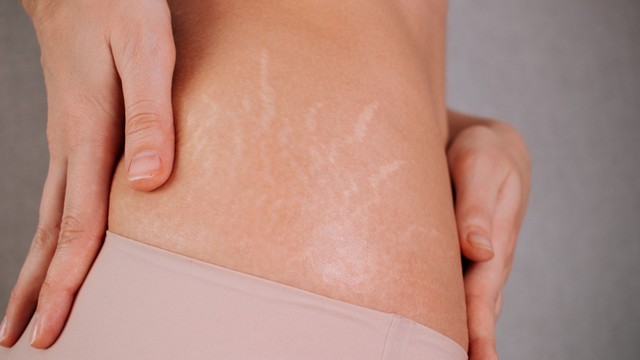 Tại sao bị rạn da ở tuổi dậy thì? Cách phòng ngừa rạn da đơn giản bạn nên biết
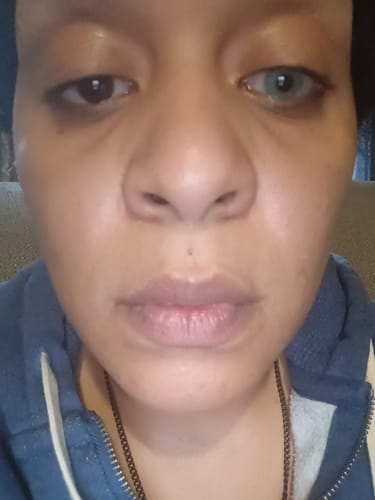 Reviewer's close-up showing a vibrant Hidrocor TOPAZIO lens on one eye, compared to their natural dark brown eye.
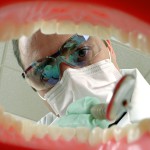 Impianti: introduzione al trattamento della perimplantite impianti perimplantite perimplantitis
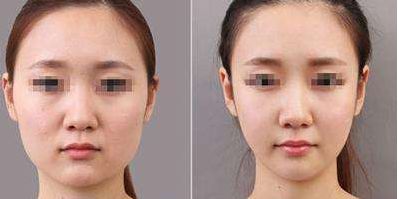 2024年北京八大處整形手術(shù)價格明細和推薦專家名錄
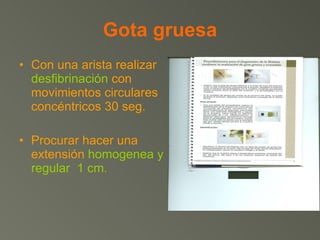Gota gruesa Con una arista realizar  desfibrinación  con movimientos circulares concéntricos 30 seg. Procurar hacer una extensión  homogenea y regular  1 cm . 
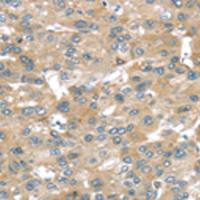 兔抗BRWD1多克隆抗体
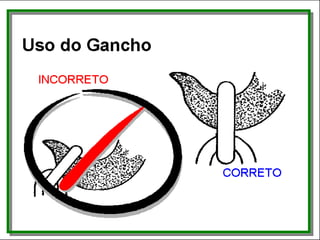 Uso do gancho
 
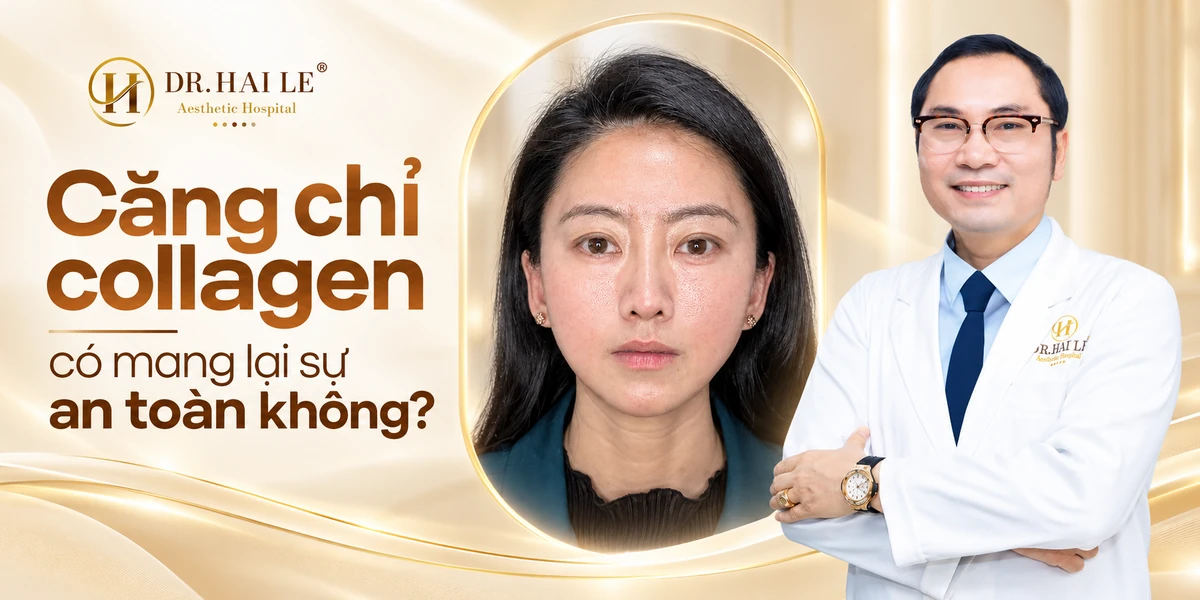 Căng chỉ collagen có mang lại sự an toàn không?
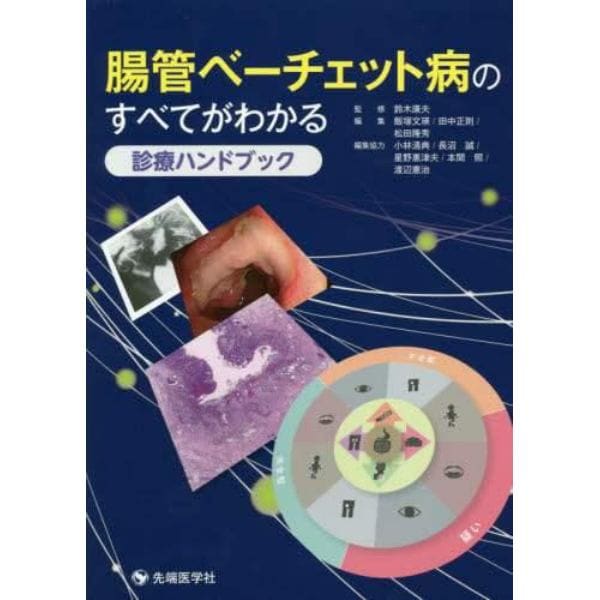 腸管ベーチェット病のすべてがわかる診療ハンドブック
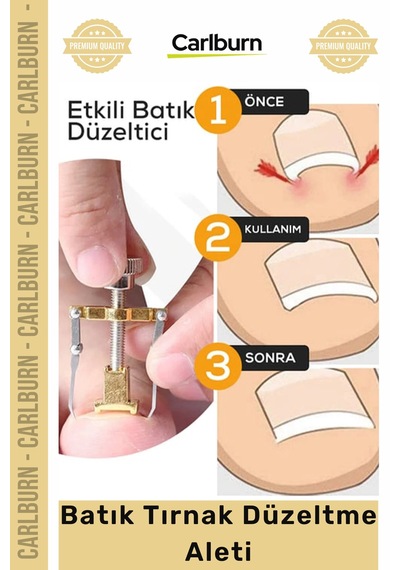 Özel Üretim Ayak Tırnağı Ağrısı Giderici Düzeltici Evde Güvenli Kolay Bakım Batık Tırnak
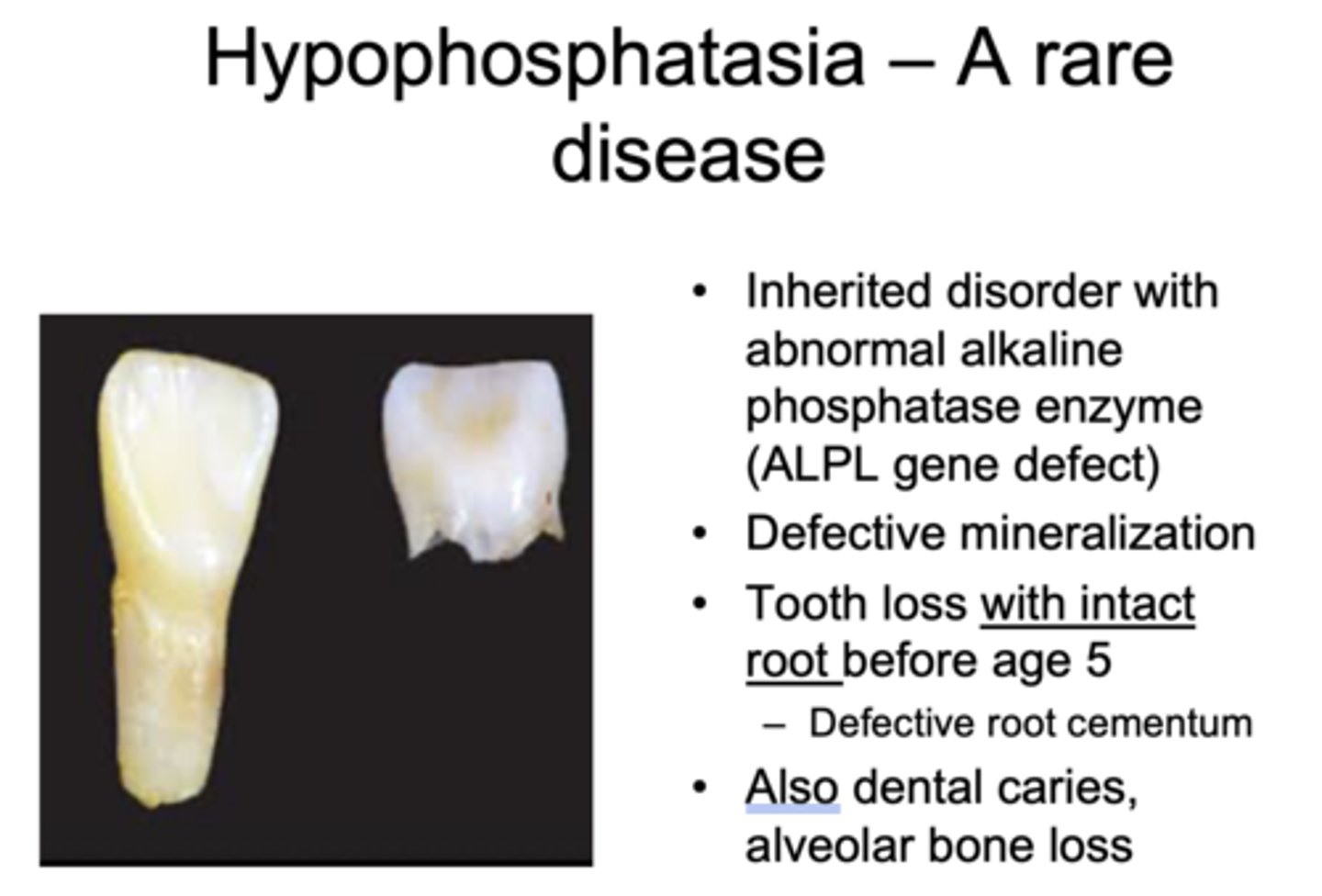 <p>Hypophosphatasia</p>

= = = =

YOUR TASK => The material should be returned verbatim, with all images omitted.

EXERCISE SOLUTION =>
 Tại sao bị rạn da ở tuổi dậy thì? Cách phòng ngừa rạn da đơn giản bạn nên biết
 Reviewer's close-up showing a vibrant Hidrocor TOPAZIO lens on one eye, compared to their natural dark brown eye.
 Impianti: introduzione al trattamento della perimplantite impianti perimplantite perimplantitis
 2024年北京八大處整形手術(shù)價格明細和推薦專家名錄
Gota gruesa Con una arista realizar  desfibrinación  con movimientos circulares concéntricos 30 seg. Procurar hacer una extensión  homogenea y regular  1 cm . 
 兔抗BRWD1多克隆抗体
 Uso do gancho
 
 Căng chỉ collagen có mang lại sự an toàn không?
 腸管ベーチェット病のすべてがわかる診療ハンドブック
 Özel Üretim Ayak Tırnağı Ağrısı Giderici Düzeltici Evde Güvenli Kolay Bakım Batık Tırnak
 <p>Hypophosphatasia</p>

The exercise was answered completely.